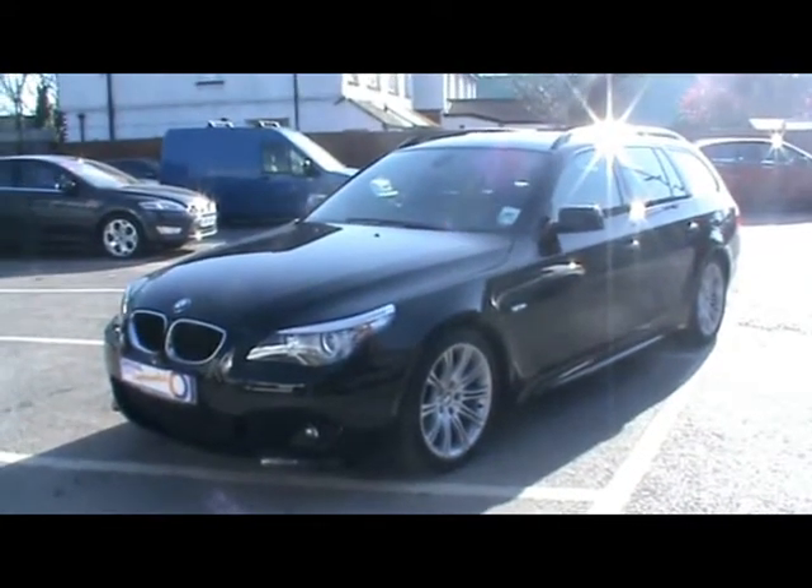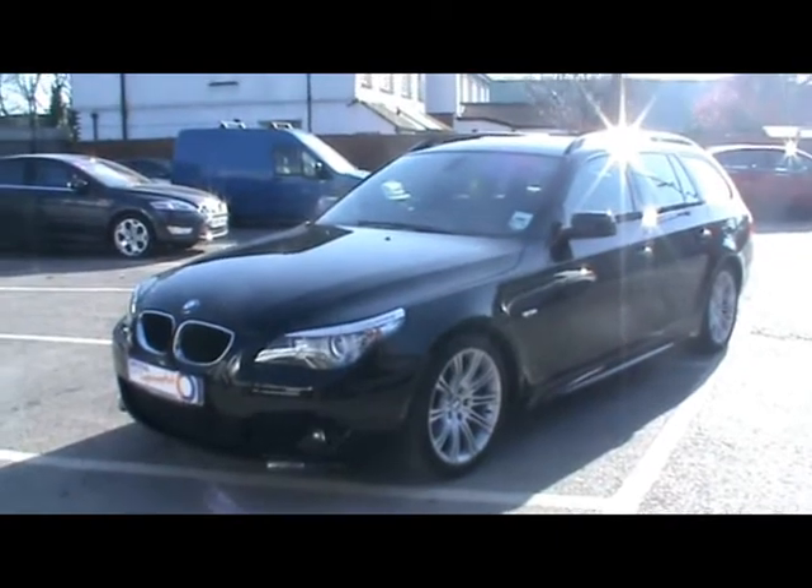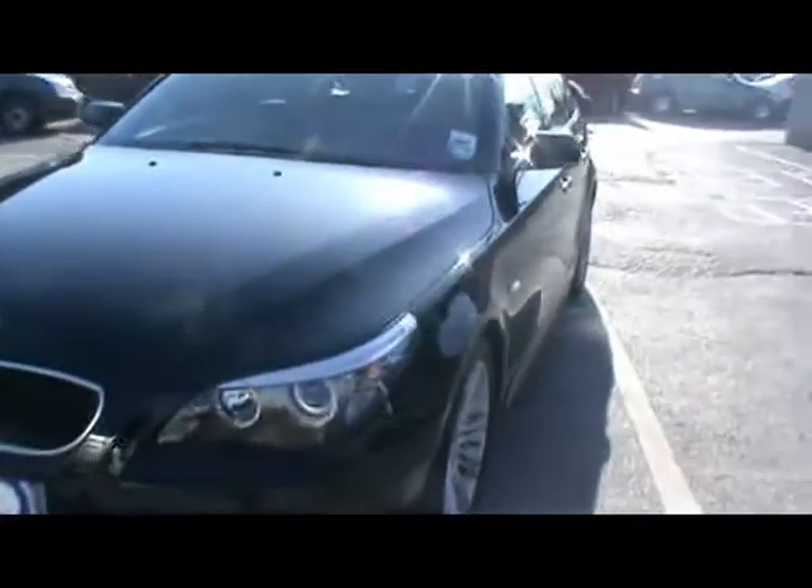Welcome to Imperial Cars. Today we have a BMW 520D to show you on an 09 plate, touring model finished in metallic black. We'll take you around the car so you can get a better idea of the condition and certain features of this vehicle.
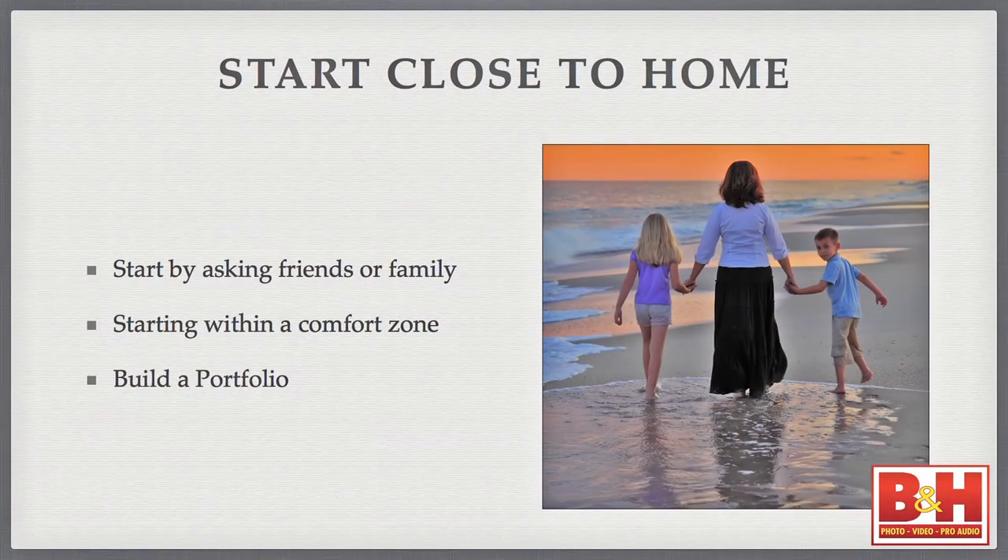Working with friends and family also allows you to build a portfolio. You can't really approach a professional or aspiring professional model without a portfolio — you have to have some base sample of work they can look at. Friends and family is a good place to start. It doesn't matter if they're not among the 50 most beautiful people in the world. If you can show a technical ability with the camera and a creative mind from behind the camera, that's all your portfolio needs to be.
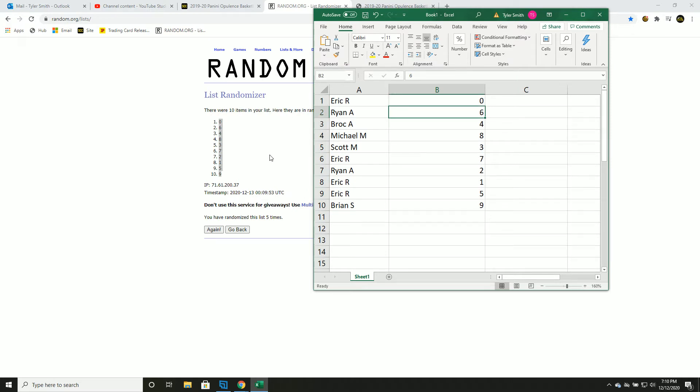Eric: zero. Ryan: six. Brock: four. Michael: eight. Scott: three. Eric: seven. Ryan: two. Eric: one and five. Brian: nine.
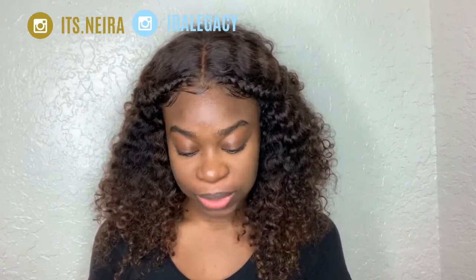Hey everyone, welcome back to my channel. It's me, Ira. Don't forget to follow her. Today I have a review on the Alexis Stone palette — I have both of them.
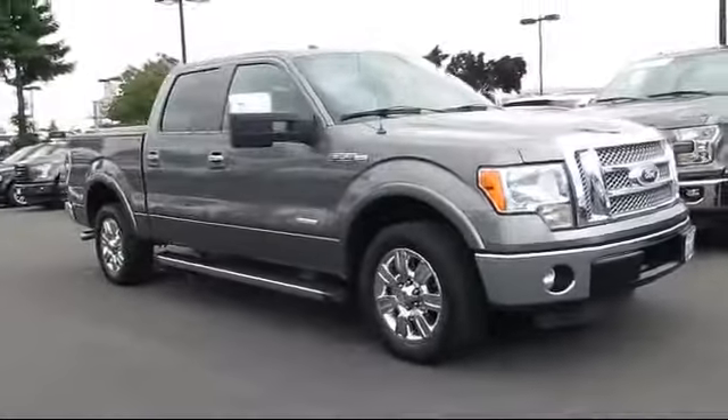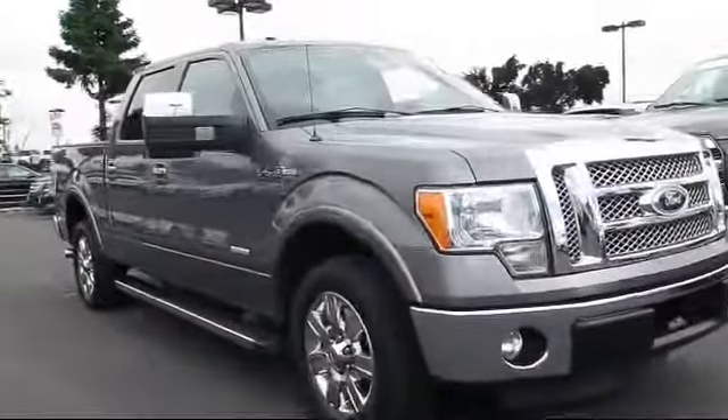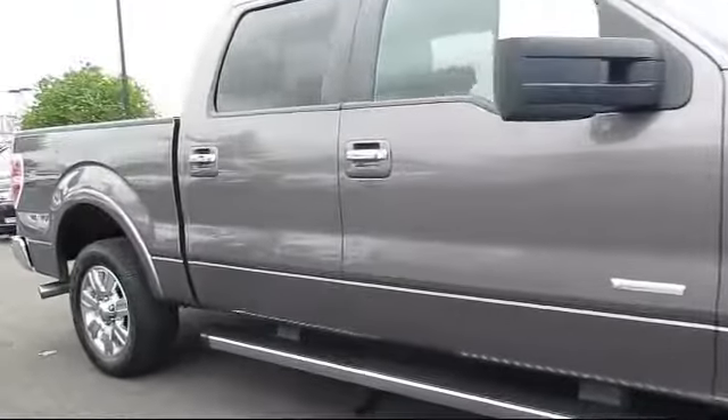It comes equipped with keyless entry, air conditioning, traction control, power windows, and anti-lock braking, and has less than 50,000 miles on the odometer.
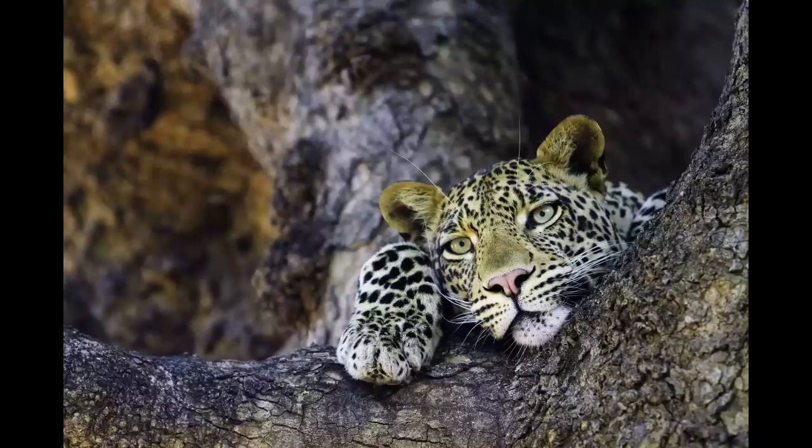It's a beautiful area with several rivers, riverine forests, savanna, and lots of massive baobab trees.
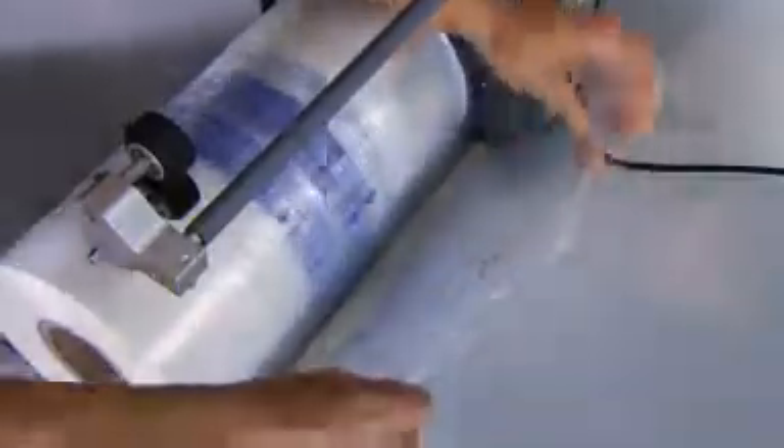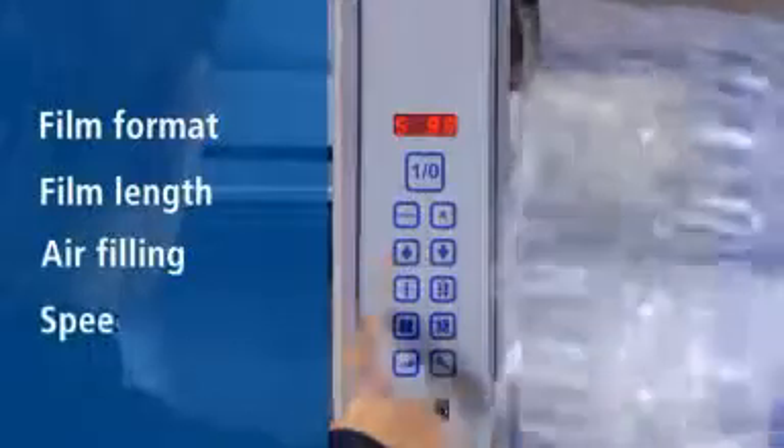AirPlus GTI is simple and quick to operate. A few simple moves are all it takes to change the film reel or select program functions such as film format and length, air filling and running speed.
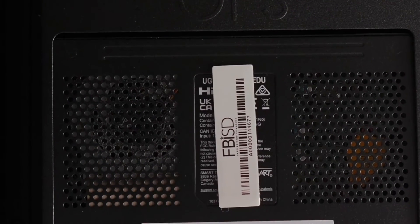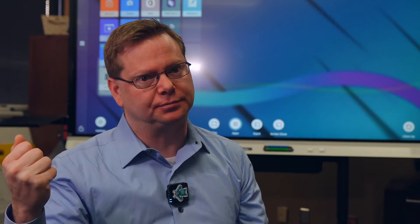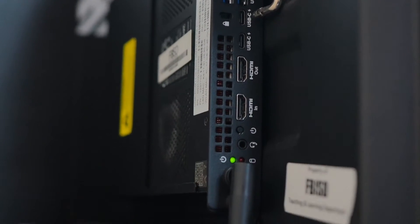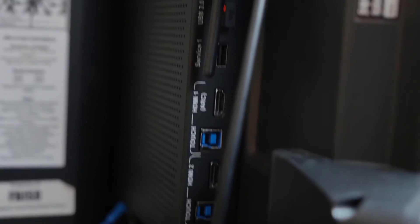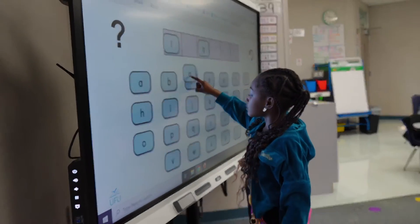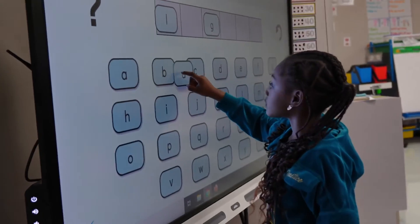We liked that the system had a built-in upgrade path. Today a Gen 12 i5 CPU feels wonderful, but in five years it might not feel so great. We can slide that unit out and purchase an upgraded OPS unit, slide it in, and instantly breathe new life into these panels — bringing them through the final five years of what we project their life to be.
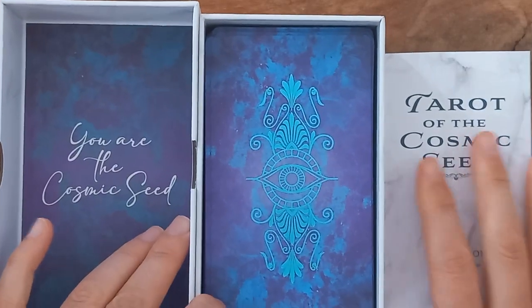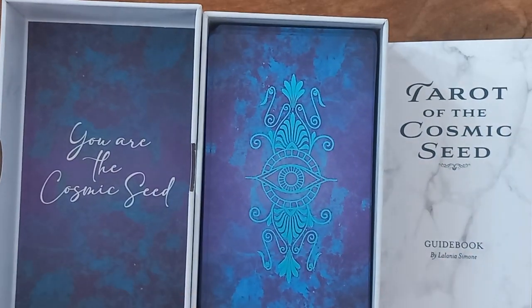So there we are — that is the Tarot of the Cosmic Seed. It's only a quick flip through, I hope you enjoyed that. Thank you to littleredtarot.com for sending that out so super speedy — it was amazing. Keep an eye out for this one — see when it turns up in my monthlies for use and what I do to that card. Till the next one, take care, bye bye.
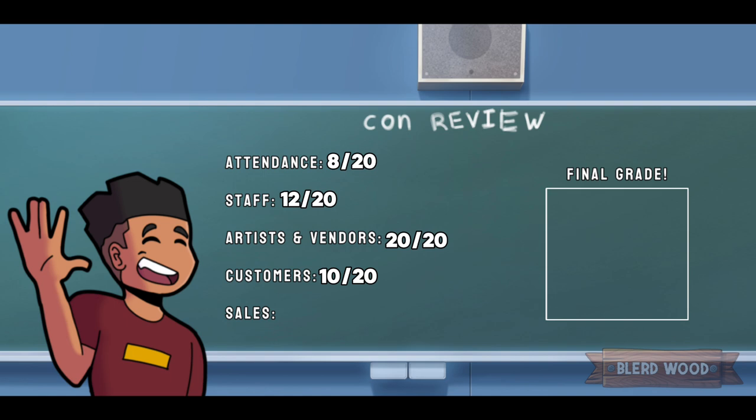To finish it off, sales also get a 10 out of 20. That's just due to not having consistent sales — there weren't consistent customers at my booth. It would be like 10 to 20 minutes between customers coming over, and that's also due to attendance being kind of low, so customers were spread out throughout the con. Calculating all these numbers together, it leads us to a 60, which is a D-minus con. That's not good, but you can only get better from here. It's only their third year and they can definitely improve. The main thing was advertisement and trying to be a little more organized.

Problem requirements :: Pictures stay out. Transcribe the lines from the start of the entries above through the line with "Working with friends", exactly.

Exercise solution ::
Welcome to Imperial Cars. Today we have a BMW 520D to show you on an 09 plate, touring model finished in metallic black. We'll take you around the car so you can get a better idea of the condition and certain features of this vehicle.
Working with friends and family also allows you to build a portfolio. You can't really approach a professional or aspiring professional model without a portfolio — you have to have some base sample of work they can look at. Friends and family is a good place to start. It doesn't matter if they're not among the 50 most beautiful people in the world. If you can show a technical ability with the camera and a creative mind from behind the camera, that's all your portfolio needs to be.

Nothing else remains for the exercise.